ACTIVITY: Below are records with pictures in them. Transcribe everything from the line containing "bathroom with toilet, marble" down to the line containing "Young woman clasping neck of sweater", exactly, and leave the pictures behind.

GIVEN RECORDS:
*-*-*

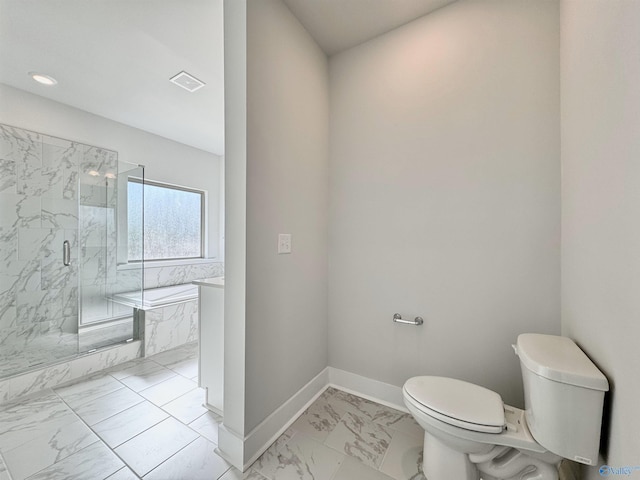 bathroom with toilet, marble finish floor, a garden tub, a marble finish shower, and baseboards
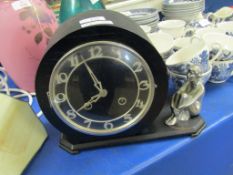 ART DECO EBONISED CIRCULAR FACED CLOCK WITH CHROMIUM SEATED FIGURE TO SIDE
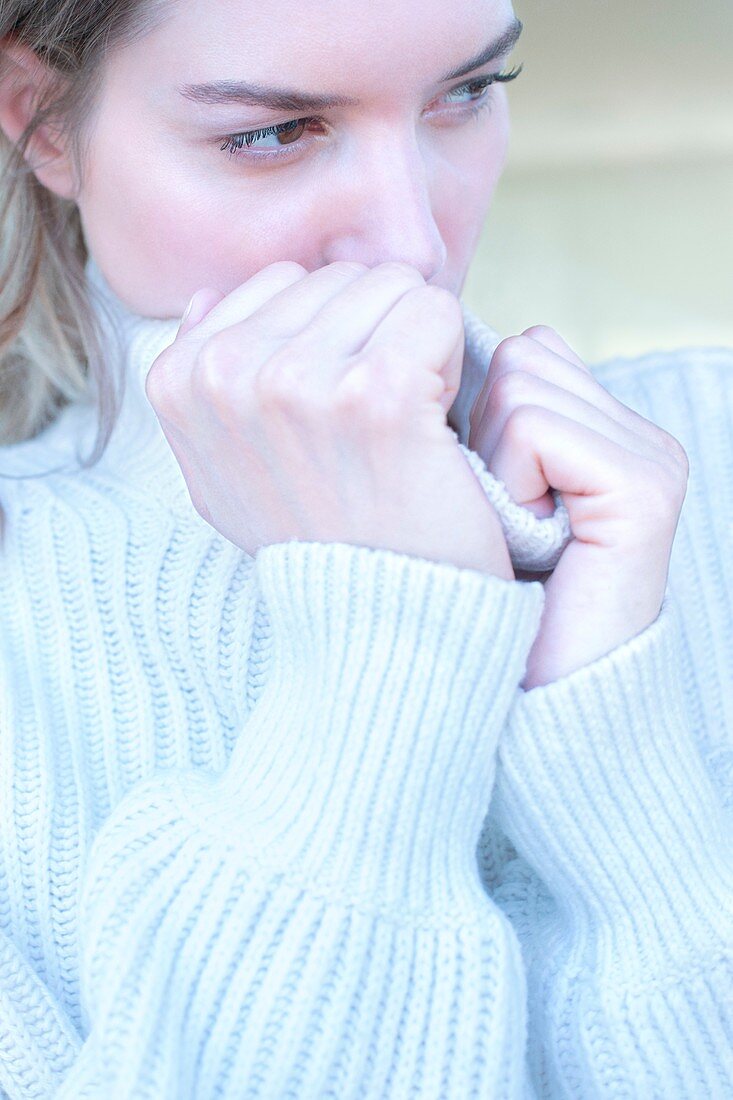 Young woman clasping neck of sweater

*-*-*

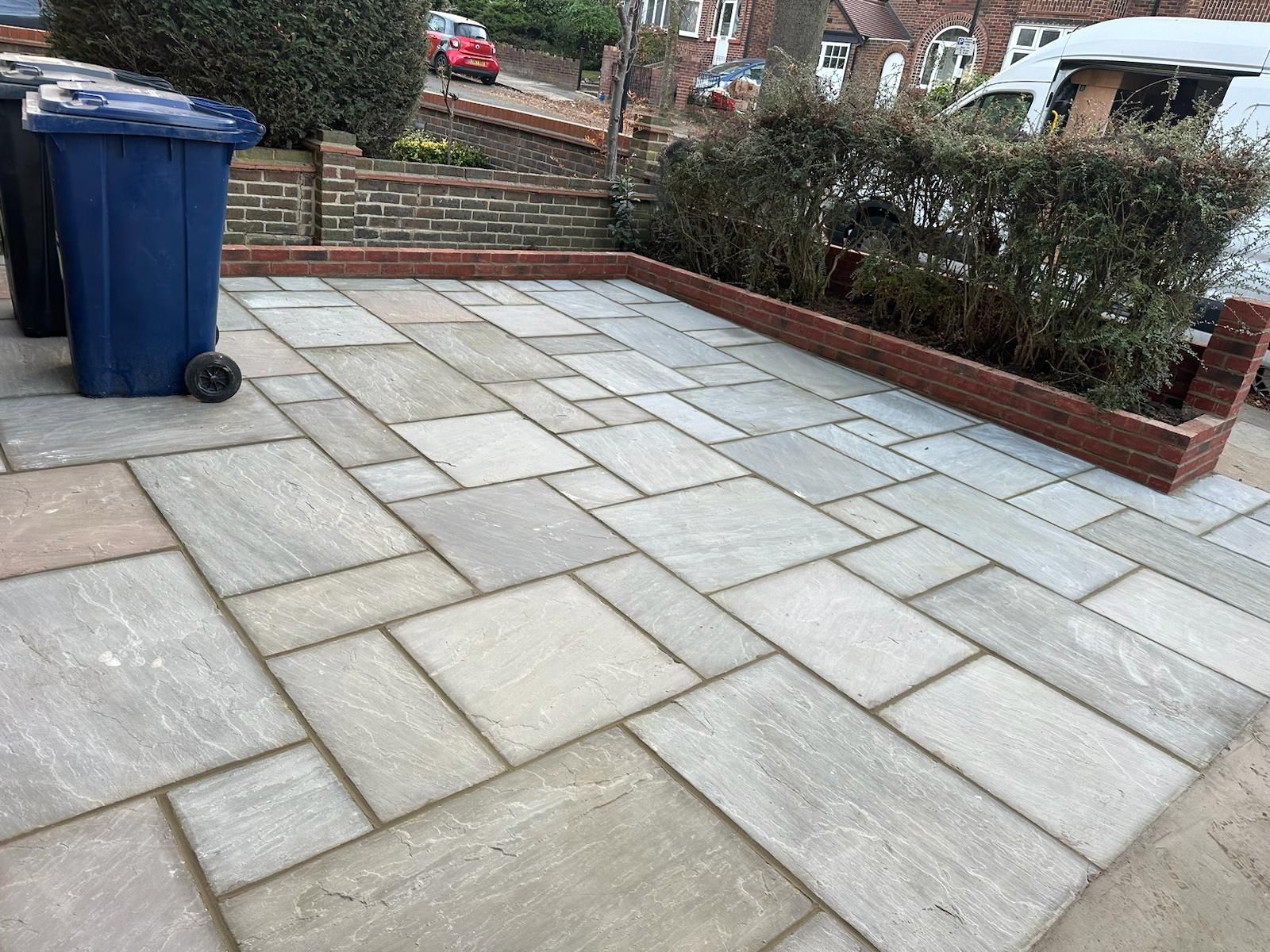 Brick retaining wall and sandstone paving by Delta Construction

*-*-*

ANSWER FOR THIS EXERCISE:
 bathroom with toilet, marble finish floor, a garden tub, a marble finish shower, and baseboards
 ART DECO EBONISED CIRCULAR FACED CLOCK WITH CHROMIUM SEATED FIGURE TO SIDE
 Young woman clasping neck of sweater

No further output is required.